Microglia progenitors arise from the yolk sac during embryonic development and colonize the central
nervous system (CNS) at 9.5 days post conception (dpc). During development, they further expand and
differentiate until the microglial network is fully established in the adult. Recent studies have linked defects
in microglial development to neurodegenerative and neuropsychiatric diseases. However, detailed
molecular mechanisms of microglial recruitment during development are still ill-defined and poorly understood.

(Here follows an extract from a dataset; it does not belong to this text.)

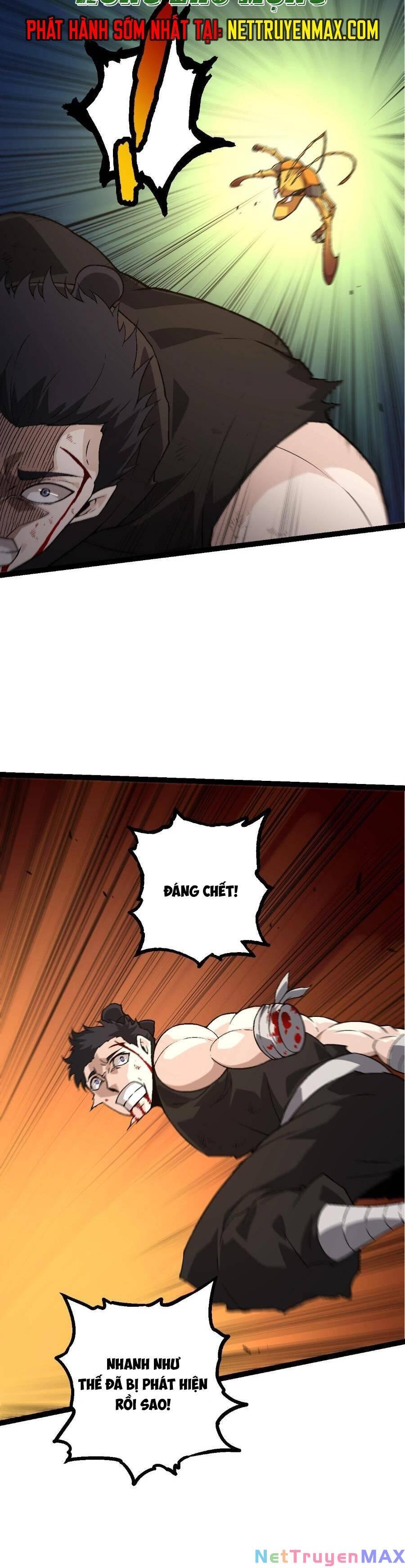 chuyển sinh thành liễu đột biến chapter 95 6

With this project proposal, we aim to identify and characterize molecular recruitment mechanisms
of microglia during development. First, we will utilise unbiased transcriptomic and proteomic approaches
to screen and identify potential recruitment signals from the developing CNS. Identified candidate genes
will be further explored for their specific role in microglial recruitment. Second, we will focus on integrins
during microglial progenitor recruitment, which we already identified as potential adhesion molecules for
microglial colonization of the CNS. Here we will employ integrin-deficient genetic mouse models along
with pharmaceutical inhibition of integrin signalling to elucidate how different integrins affect the recruitment
of microglial progenitors. Finally, we will investigate if the recruitment signals for microglial progenitors
to the CNS are tissue-specific. In summary, these data will allow us to obtain a detailed understanding
of the molecular machinery used by microglial progenitors to efficiently colonize the CNS and if these
factors are unique for microglial progenitors.